#### [YOUR GOAL]
Give back the lines below verbatim, omitting all pictures.

#### [DATA SEGMENT]
■ ■ ■ ■ ■

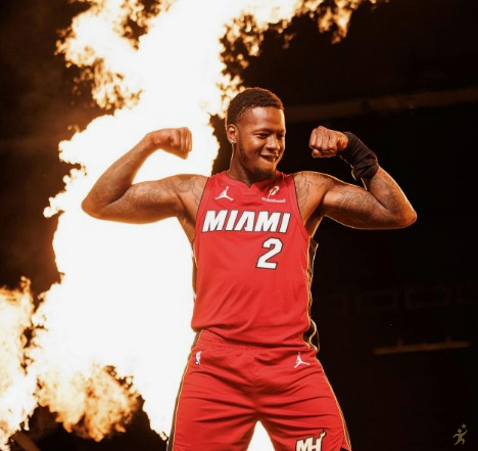 Jogador da NBA Terry Rozier é acusado de suborno em esquema de apostas
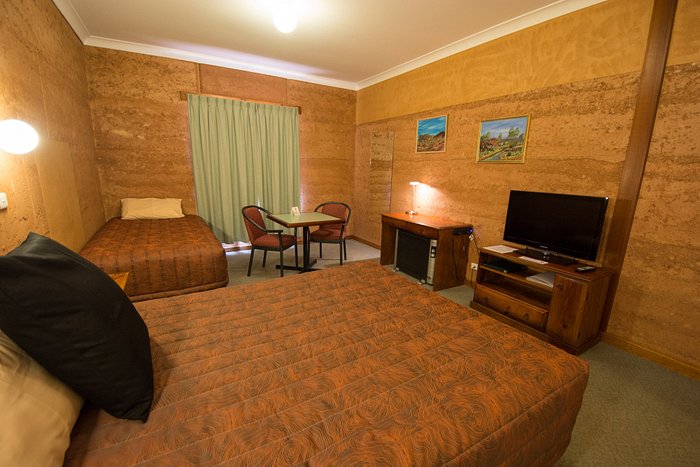 Mud Hut Motel Mud Hut Motel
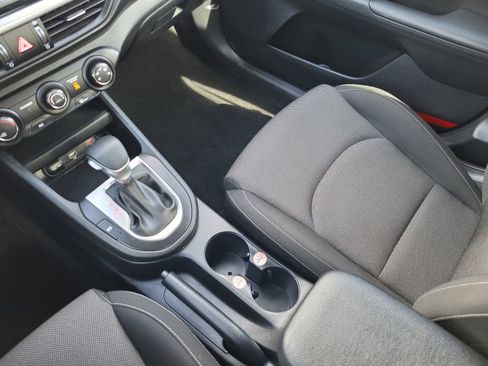 Used 2024 Kia Forte LXS image 16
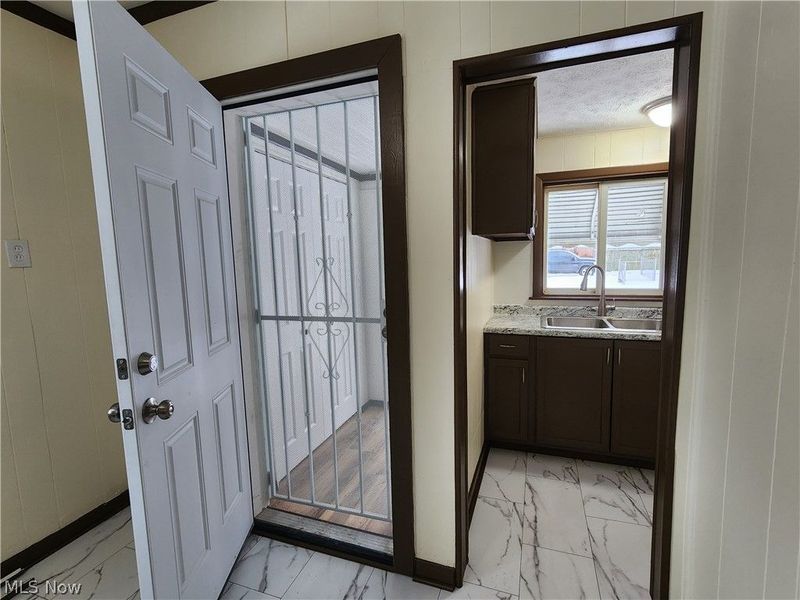 723 E 156th Street, Cleveland, OH 44110 Photo 14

■ ■ ■ ■ ■

#### [REPLY TO THE EXERCISE]
 Jogador da NBA Terry Rozier é acusado de suborno em esquema de apostas
 Mud Hut Motel Mud Hut Motel
 Used 2024 Kia Forte LXS image 16
 723 E 156th Street, Cleveland, OH 44110 Photo 14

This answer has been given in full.